しかし半年も過ごした頃だろうか。一日二錠の錠剤のおかげか、友達も家族も見捨ててくれなかったおかげか。気がつくと世界は淡く色づいて、意味を再び取り戻していた。犬の散歩に出ると、散り遅れた桜が白く光って青い空に映えていて、きれいだと、思った。今更のように、ずっと俯いて歩いていたんだなと気がついた。


成人したはいいものの、この一年、本当に何も出来なかった。留年したし、そこで少し延びた人生の猶予期間でさえ、自分は無価値で死ぬべきなんだ、としか考えていなかった。その間の日記は空白で埋まっている。つらかった。けれど、少しだけ学んだことがあった。


優しい人でありたいと思っていた。人の気持ちがわかる人でありたいと思っていた。けれど、勉強したくても頭に入らないこと、働きたいのに体が動かないこと、そして自分で自分におまえは無価値だと宣告すること。これがどれだけつらいことなのか、あんな状態に成り下がるまで、理解しようとすらしていなかった。


私は間違っていた。完全に間違っていた。生きる意味が見つからないからって、死ぬ必要なんてなかったのだ。


虚勢だろうと何だろうと、生きてていいんだって言い続けること。誰に何言われようと、自分に価値はあるってことにしておくこと。たぶんそれが、この残酷で碌でもない社会で、狂わないで生きるための前提なんだろう。

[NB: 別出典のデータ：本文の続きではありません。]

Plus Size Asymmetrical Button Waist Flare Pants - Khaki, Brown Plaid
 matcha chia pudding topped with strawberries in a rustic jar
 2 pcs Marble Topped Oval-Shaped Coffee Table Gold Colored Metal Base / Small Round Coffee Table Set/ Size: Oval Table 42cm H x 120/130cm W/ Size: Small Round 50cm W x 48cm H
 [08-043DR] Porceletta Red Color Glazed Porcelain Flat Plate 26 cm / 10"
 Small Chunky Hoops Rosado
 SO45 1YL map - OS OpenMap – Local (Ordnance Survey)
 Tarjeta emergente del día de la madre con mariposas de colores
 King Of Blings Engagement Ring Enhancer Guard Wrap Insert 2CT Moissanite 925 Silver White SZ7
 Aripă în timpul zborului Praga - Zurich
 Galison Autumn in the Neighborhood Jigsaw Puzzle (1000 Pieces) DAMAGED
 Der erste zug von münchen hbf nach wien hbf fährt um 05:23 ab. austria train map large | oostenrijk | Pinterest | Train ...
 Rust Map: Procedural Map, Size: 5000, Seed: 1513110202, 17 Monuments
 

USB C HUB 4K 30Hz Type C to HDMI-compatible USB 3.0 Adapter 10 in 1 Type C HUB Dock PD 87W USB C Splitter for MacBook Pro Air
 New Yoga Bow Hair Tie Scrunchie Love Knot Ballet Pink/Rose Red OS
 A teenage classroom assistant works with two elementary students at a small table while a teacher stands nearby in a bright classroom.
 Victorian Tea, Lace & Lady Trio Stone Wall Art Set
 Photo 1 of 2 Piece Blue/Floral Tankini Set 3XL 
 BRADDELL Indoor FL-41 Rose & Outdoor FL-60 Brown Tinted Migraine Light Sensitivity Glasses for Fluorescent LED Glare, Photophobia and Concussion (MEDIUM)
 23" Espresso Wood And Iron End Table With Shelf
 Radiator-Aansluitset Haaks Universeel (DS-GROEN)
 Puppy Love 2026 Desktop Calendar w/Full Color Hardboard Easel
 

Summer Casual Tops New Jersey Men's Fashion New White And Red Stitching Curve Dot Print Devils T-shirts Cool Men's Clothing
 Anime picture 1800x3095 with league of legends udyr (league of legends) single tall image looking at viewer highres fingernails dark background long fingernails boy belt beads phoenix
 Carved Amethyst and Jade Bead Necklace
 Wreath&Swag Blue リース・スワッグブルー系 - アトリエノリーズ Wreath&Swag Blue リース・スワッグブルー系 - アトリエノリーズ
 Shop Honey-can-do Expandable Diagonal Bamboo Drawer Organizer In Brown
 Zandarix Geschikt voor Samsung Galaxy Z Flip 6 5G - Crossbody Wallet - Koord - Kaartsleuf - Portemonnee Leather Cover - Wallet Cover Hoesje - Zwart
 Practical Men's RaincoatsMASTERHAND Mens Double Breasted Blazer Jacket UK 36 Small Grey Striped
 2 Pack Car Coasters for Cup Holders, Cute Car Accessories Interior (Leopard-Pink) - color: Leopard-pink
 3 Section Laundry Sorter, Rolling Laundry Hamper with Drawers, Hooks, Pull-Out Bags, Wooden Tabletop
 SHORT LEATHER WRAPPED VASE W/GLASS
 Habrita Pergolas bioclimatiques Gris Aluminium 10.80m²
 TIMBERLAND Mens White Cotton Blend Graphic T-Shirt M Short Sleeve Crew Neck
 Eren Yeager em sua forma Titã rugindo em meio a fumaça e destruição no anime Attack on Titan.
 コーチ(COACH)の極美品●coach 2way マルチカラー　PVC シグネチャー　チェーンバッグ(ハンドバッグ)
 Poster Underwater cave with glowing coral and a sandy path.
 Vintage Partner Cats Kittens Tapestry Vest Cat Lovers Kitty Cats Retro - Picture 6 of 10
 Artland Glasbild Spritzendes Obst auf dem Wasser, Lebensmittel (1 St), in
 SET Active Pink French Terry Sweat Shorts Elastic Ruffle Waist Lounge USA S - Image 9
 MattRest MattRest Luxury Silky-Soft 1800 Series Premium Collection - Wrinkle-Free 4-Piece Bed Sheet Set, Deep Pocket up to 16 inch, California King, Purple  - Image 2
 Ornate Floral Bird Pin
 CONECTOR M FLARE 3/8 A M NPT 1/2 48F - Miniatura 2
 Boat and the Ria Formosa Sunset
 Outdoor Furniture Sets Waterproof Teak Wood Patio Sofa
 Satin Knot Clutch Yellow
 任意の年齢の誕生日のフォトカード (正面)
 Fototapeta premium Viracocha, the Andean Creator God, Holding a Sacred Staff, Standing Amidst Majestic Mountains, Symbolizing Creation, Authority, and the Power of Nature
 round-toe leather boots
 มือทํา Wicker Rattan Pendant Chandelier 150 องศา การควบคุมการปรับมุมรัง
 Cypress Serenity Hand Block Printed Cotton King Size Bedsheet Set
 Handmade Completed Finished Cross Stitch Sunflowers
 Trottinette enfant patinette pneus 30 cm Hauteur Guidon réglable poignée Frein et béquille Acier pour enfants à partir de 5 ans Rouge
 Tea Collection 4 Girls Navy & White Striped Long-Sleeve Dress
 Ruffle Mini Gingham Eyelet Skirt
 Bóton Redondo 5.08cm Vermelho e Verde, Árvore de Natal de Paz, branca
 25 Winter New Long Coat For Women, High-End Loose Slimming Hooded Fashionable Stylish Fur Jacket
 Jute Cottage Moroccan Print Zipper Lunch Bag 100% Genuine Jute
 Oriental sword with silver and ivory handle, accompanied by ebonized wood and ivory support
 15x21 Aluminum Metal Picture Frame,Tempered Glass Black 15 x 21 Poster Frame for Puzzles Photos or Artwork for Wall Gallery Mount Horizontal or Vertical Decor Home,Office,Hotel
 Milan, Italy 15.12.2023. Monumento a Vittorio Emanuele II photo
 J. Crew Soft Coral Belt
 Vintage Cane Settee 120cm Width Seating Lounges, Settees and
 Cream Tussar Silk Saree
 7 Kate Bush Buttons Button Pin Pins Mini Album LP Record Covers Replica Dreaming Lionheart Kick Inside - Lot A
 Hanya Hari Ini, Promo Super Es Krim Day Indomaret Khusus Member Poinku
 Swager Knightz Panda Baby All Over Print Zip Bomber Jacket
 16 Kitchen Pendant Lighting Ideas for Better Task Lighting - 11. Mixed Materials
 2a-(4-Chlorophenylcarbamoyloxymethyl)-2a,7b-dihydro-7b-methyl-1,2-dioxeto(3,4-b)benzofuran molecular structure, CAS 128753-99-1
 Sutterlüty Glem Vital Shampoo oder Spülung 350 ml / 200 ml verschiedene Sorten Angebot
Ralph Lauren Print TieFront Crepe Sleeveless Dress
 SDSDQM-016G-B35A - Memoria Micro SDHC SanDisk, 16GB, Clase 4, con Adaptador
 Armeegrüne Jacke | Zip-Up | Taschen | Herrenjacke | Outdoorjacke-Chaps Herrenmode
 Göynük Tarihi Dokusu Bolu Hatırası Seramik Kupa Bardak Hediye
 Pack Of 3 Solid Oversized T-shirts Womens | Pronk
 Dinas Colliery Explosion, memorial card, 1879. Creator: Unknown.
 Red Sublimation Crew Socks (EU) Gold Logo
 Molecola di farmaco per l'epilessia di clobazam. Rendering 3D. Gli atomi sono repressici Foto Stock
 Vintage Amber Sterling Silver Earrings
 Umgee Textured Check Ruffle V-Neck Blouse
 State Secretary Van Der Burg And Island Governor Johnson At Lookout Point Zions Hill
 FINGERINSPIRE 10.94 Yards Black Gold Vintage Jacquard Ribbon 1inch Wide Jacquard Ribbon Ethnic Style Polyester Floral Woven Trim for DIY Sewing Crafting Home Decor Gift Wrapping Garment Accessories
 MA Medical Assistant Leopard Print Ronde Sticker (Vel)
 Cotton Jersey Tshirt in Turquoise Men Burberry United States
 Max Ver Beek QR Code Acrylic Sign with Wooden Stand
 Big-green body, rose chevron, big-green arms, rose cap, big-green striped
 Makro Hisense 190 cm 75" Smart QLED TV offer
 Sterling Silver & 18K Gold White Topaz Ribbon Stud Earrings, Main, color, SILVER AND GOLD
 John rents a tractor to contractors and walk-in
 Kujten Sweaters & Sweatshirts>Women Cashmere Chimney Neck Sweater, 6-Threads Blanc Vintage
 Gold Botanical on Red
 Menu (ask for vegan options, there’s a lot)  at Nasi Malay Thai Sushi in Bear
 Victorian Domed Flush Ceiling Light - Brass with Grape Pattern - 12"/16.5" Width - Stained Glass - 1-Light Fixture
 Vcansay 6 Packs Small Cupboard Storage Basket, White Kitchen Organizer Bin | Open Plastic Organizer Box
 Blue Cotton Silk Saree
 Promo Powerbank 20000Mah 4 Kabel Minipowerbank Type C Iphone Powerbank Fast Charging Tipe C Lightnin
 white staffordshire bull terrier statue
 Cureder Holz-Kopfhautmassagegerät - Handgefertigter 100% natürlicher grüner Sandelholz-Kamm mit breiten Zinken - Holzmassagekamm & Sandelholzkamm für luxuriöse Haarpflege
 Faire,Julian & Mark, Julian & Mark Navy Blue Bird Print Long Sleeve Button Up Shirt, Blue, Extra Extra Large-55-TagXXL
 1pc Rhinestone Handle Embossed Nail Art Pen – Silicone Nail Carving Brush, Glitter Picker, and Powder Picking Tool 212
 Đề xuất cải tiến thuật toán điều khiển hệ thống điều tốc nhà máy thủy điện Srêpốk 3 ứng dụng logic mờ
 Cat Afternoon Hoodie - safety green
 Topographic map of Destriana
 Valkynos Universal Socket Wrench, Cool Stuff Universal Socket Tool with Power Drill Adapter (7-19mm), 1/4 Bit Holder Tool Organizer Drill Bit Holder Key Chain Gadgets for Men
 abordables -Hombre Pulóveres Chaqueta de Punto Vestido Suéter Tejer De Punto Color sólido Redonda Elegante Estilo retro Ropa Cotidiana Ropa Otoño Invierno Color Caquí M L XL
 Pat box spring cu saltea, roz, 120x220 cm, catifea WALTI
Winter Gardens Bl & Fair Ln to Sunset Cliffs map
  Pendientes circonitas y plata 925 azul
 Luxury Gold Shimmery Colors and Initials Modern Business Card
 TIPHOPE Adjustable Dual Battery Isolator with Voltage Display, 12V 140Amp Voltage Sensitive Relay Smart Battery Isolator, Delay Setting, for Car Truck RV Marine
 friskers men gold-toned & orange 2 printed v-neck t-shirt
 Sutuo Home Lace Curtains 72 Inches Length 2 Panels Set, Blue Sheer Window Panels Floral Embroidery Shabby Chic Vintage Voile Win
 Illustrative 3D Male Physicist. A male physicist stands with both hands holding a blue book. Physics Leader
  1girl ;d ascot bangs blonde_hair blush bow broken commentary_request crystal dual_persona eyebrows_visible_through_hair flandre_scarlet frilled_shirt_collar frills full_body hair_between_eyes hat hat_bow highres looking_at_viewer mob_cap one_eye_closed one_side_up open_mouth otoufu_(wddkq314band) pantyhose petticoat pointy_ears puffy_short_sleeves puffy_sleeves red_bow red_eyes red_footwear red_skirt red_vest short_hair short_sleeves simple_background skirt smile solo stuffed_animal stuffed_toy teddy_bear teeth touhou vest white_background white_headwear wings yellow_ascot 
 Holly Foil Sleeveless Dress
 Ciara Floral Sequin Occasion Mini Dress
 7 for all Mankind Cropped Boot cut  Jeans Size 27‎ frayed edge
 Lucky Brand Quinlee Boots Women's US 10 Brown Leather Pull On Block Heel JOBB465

そこに根拠はない。でも、根拠がないものを信じている人は意外と多い。愛なんてその最たる例で、あいつの目がきれいだから好きだ、とか、優しいから好きなんだ、なんて宣言をいくつ積み上げたところで、その本当には辿り着けはしない。愛に根拠を求めようとして、どれだけ言葉をひねり出そうと、好きだから好きなんだ!という同語反復の宣言に終わるだろう。
宗教だってそうだ。どの宗教書をめくってみても、そこに書いてあるのは「疑うな」のみ。死後に審判があったりすることの根拠なんて書いてないし、解脱の証拠が耳を揃えて並んでいたりもしない。
根拠がないからって疑うのは簡単だ。愛だって宗教だって、生きてていいってことだって。けれど、こうも思うのだ。根拠がないからこそ、前提たりえるのでは、と。
生きる意味なんてわからないし、答えもきっとないのだろう。それでも、人はそれを求めてしまう。それなしでは生きられないとばかりに。だったら、前提は必要なんじゃないか。考えるよりどころとするために。答えのない問いを生き続けるために。
つまりは、生命は無価値だと信じるのも、なにかあると思い込むのも、どうせどちらも無根拠なのだ。ならば楽しい方を選択しよう。世界はどうしようもないし、人間は時に醜い。それでも、きれいなものはあるんだと、人生に生きる価値はあるんだと、そういうことにしておくのだ。